→ WHAT YOU ARE ASKED TO DO:
The answer is to be the lines below that lie between the line holding "Lot De 3 Pinces" and the line holding "En la pantalla", inclusive, transcribed exactly and free of pictures.

→ EXERCISE INPUT:
══════════════════════════════

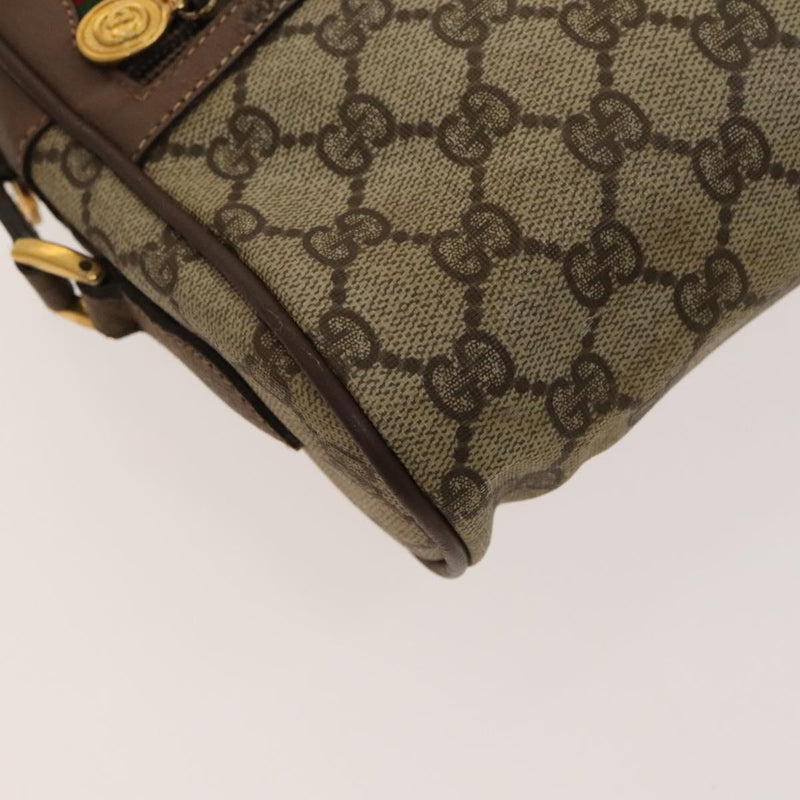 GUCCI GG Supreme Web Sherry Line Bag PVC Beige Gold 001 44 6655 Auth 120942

══════════════════════════════

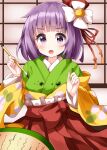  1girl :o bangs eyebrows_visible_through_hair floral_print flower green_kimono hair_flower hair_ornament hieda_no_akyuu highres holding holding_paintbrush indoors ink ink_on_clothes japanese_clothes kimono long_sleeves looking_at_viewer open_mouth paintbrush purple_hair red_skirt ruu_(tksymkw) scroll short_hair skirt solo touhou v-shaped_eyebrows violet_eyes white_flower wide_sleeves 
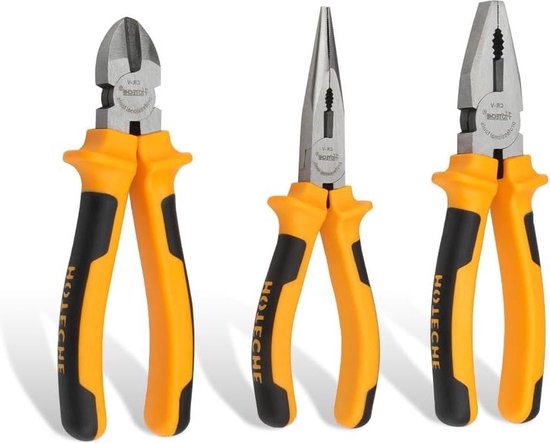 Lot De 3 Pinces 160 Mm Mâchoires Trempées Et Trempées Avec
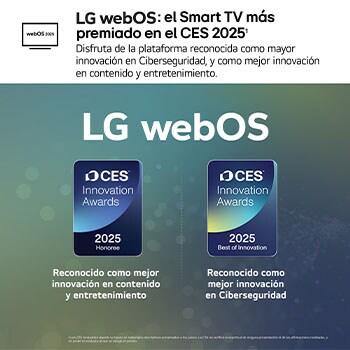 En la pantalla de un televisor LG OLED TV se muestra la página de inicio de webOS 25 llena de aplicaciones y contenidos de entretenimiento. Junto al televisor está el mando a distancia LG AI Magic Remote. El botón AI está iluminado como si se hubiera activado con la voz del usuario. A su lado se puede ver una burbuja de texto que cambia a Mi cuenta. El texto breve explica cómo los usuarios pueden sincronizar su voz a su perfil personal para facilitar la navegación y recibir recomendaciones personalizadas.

══════════════════════════════

→ FINAL ANSWER:
 Lot De 3 Pinces 160 Mm Mâchoires Trempées Et Trempées Avec
 En la pantalla de un televisor LG OLED TV se muestra la página de inicio de webOS 25 llena de aplicaciones y contenidos de entretenimiento. Junto al televisor está el mando a distancia LG AI Magic Remote. El botón AI está iluminado como si se hubiera activado con la voz del usuario. A su lado se puede ver una burbuja de texto que cambia a Mi cuenta. El texto breve explica cómo los usuarios pueden sincronizar su voz a su perfil personal para facilitar la navegación y recibir recomendaciones personalizadas.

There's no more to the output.